Mexican journalist and writer

Dame Valentina Alazraki Crastich (born in January 1955 in Mexico City) is a Mexican journalist and writer, correspondent of Noticieros Televisa at the Vatican since 1974 and W Radio since 2005.

Alazraki is known because of her friendship with Pope John Paul II.

==First years on journalism==

She started her career on 1974, during the pontificate of Paul VI, when he died she covered the conclave and pontificate of John Paul I, and after his suppressive death came the pontificate of John Paul II, with whom she traveled around the world during the 26 years and 5 months of his reign.
Alazraki traveled with John Paul on 100 of his 104 apostolic travels, and she was the first journalist to interview a pope, on the eve of his travel to Mexico, in January 1979.

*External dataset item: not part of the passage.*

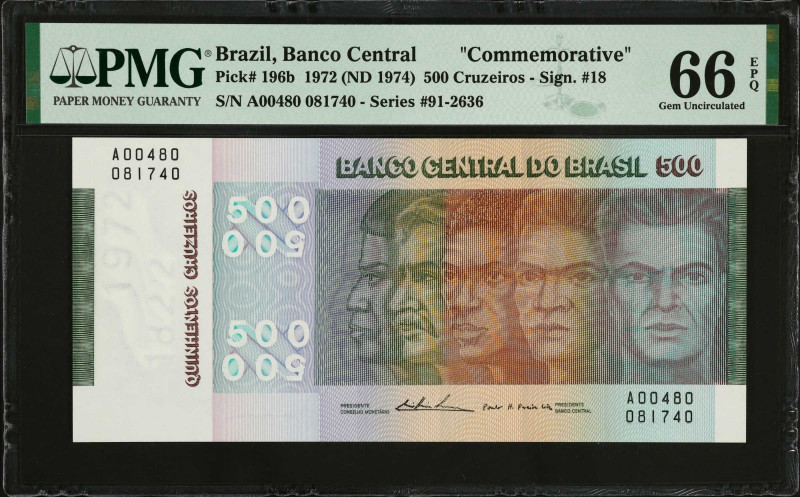 BRAZIL. Banco Central do Brasil. 500 Cruzeiros, 1972 (ND 1974). P-196b. Commemor...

==Pontificate of John Paul II==

Her relationship with Karol Wojtyła started on the eve of his first travel to Mexico, when she hid herself behind plants at the entrance of the Paul VI room, and surprised the pope with a ‘charro’ hat on her hands. The next day she interviewed him again on the airplane.
She interviewed the pope many times; one of them was when the political relationships were restored between Mexico and the Holy See in September 1992.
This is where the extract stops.